● What you need to do: Under this line is some data; print exactly the lines from the one containing "Real Madrid, nessun" through its last line, without pictures.

● Information provided:
____

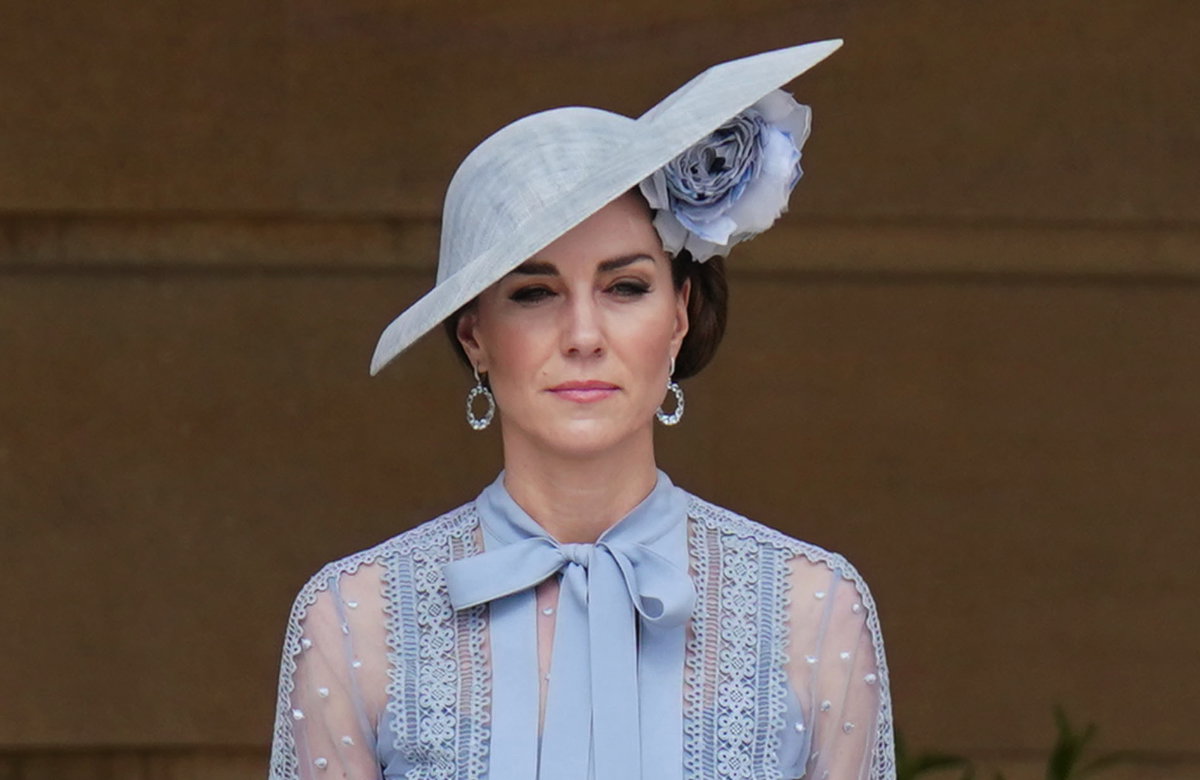 Prinzessin Kate nach der Krönung.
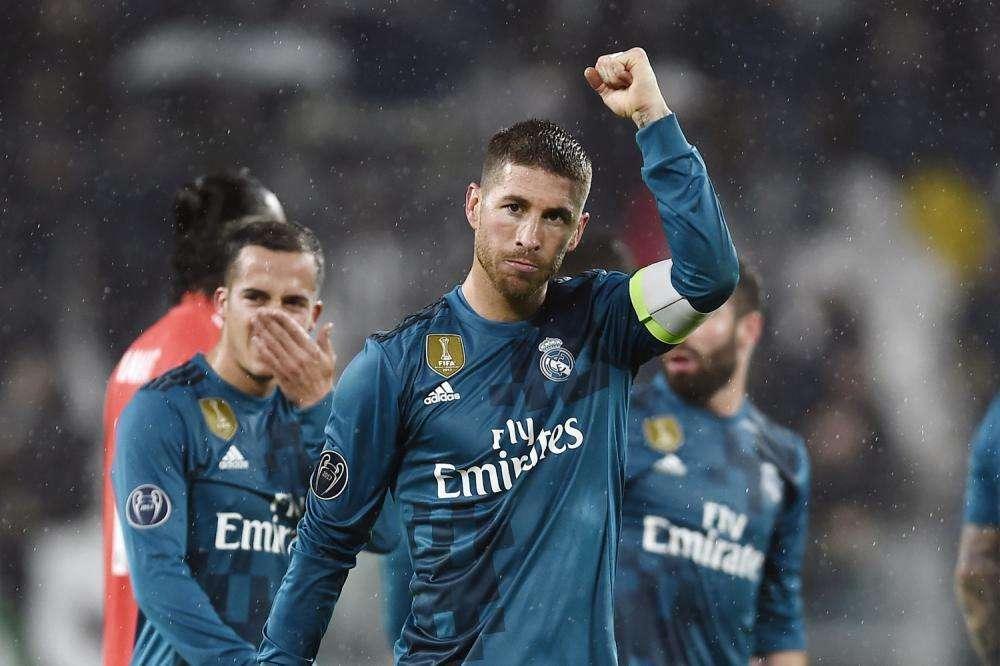 Real Madrid, nessun procedimento disciplinare nei confronti di Sergio Ramos
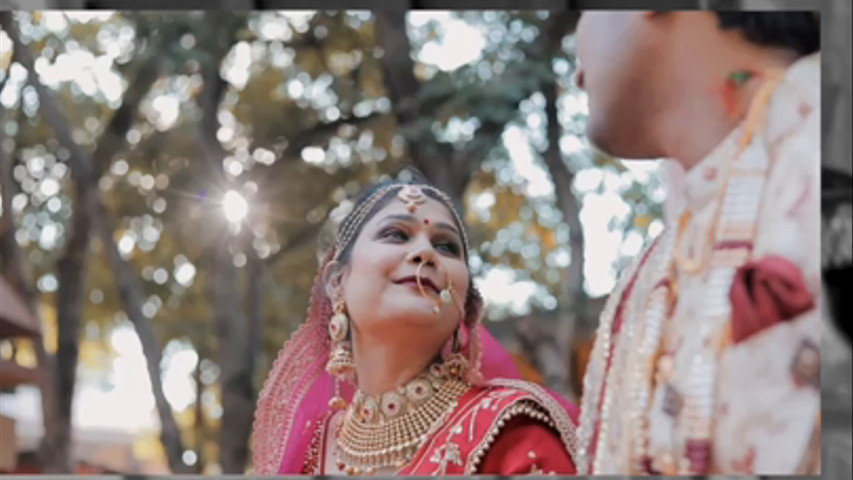 Pawan & Aayushi wedding reel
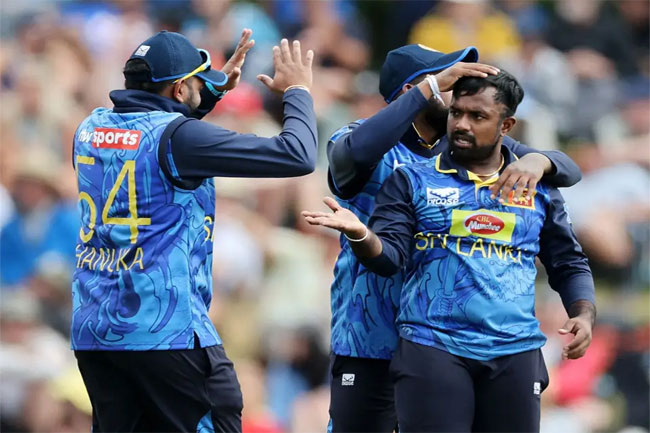 Sri Lanka beat New Zealand by 7 runs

____

● Task result:
 Real Madrid, nessun procedimento disciplinare nei confronti di Sergio Ramos
 Pawan & Aayushi wedding reel
 Sri Lanka beat New Zealand by 7 runs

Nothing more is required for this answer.